La víctima era un odontólogo muy apreciado en la colonia San José Cinco de esta ciudad.
Se llamaba José Ángel Navarrete Alvarenga, y tenía 52 años de edad, fue asesinado ayer en compañía de su ayudante, un menor de edad, identificado como José Jonathan Ramos.
De acuerdo con el informe preliminar de la Policía de investigación, el profesional salió de su casa en la misma colonia con su ayudante y amigos, desde las cinco de la tarde del pasado domingo.

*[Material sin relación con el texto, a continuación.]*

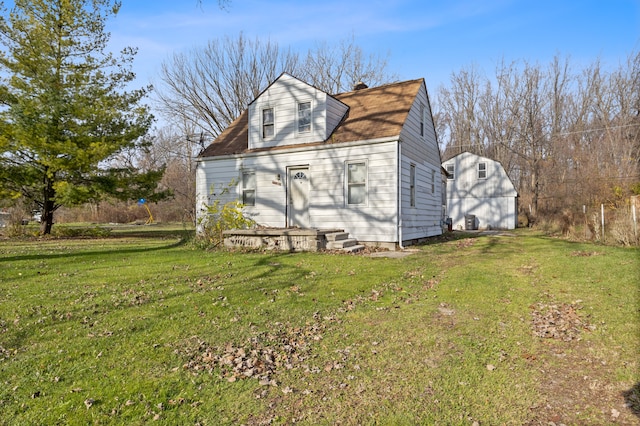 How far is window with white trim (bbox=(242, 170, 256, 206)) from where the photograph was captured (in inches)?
565

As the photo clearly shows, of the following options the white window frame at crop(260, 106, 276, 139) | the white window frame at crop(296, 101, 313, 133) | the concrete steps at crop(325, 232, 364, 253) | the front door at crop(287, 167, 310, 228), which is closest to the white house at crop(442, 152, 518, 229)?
the front door at crop(287, 167, 310, 228)

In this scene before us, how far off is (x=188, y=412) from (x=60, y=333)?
99.7 inches

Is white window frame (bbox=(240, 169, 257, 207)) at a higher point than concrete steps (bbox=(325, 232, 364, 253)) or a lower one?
higher

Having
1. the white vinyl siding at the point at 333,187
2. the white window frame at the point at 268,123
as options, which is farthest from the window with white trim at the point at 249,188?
the white window frame at the point at 268,123

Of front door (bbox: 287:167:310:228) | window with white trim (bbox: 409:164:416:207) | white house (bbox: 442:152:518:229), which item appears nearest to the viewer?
window with white trim (bbox: 409:164:416:207)

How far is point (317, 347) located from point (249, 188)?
10849 millimetres

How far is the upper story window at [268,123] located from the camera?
14.3 m

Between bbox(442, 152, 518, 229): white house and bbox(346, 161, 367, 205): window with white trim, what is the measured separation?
1642cm

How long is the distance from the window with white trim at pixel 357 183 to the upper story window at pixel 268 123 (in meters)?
3.56

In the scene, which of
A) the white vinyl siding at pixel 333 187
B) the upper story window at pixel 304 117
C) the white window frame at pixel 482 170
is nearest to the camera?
the white vinyl siding at pixel 333 187

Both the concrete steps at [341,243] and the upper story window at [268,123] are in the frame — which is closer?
the concrete steps at [341,243]

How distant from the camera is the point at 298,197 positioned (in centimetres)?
1359

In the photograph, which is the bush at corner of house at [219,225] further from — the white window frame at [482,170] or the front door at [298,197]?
the white window frame at [482,170]

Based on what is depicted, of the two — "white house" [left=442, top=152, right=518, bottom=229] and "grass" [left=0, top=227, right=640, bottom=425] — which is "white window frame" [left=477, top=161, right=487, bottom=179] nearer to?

No llegó a dormir a su residencia, y a las cinco de la mañana del lunes, los hombres fueron llevados, por desconocidos, hasta el bordo de dicha colonia y en una zona sucia y solitaria, donde los vecinos amontonan la basura fue asesinado junto con el joven José.
La autoridad no tiene aún un móvil del crimen pero descarta el robo porque el ahora occiso tenía sus pertenencias, documentos personales e, incluso, dinero; el único antecedente que maneja la Policía es el robo que el fallecido sufriera en su consultorio hace un mes aproximadamente, dijo el oficial Wilmer Mayes.
Ejecutados
Según el reporte del forense, ambas víctimas presentaban un solo tiro en la cabeza, sus cuerpos quedaron boca arriba y fallecieron en el instante.
Tras los disparos, los vecinos se acercaron a la zona y descubrieron a sus vecinos ya inertes, mientras de sus homicidas no quedaron ni rastros.
A la escena del crimen se hicieron presentes la esposa del galeno y parientes del joven, quienes estaban muy afectados por el fatal suceso.
Numerosos vecinos de la San José Cinco y amigos de José Ángel Navarrete se hicieron presentes al lugar de los hechos y lamentaron lo sucedido, especialmente por el carácter servicial del galeno ya que “siempre atendía a sus pacientes con o sin dinero”, expresaron.
* Violencia: La Policía reportó ayer tres muertes violentas más en el valle de sula. Y como casi siempre sucede, no hay capturados por los crímenes, solo luto y dolor.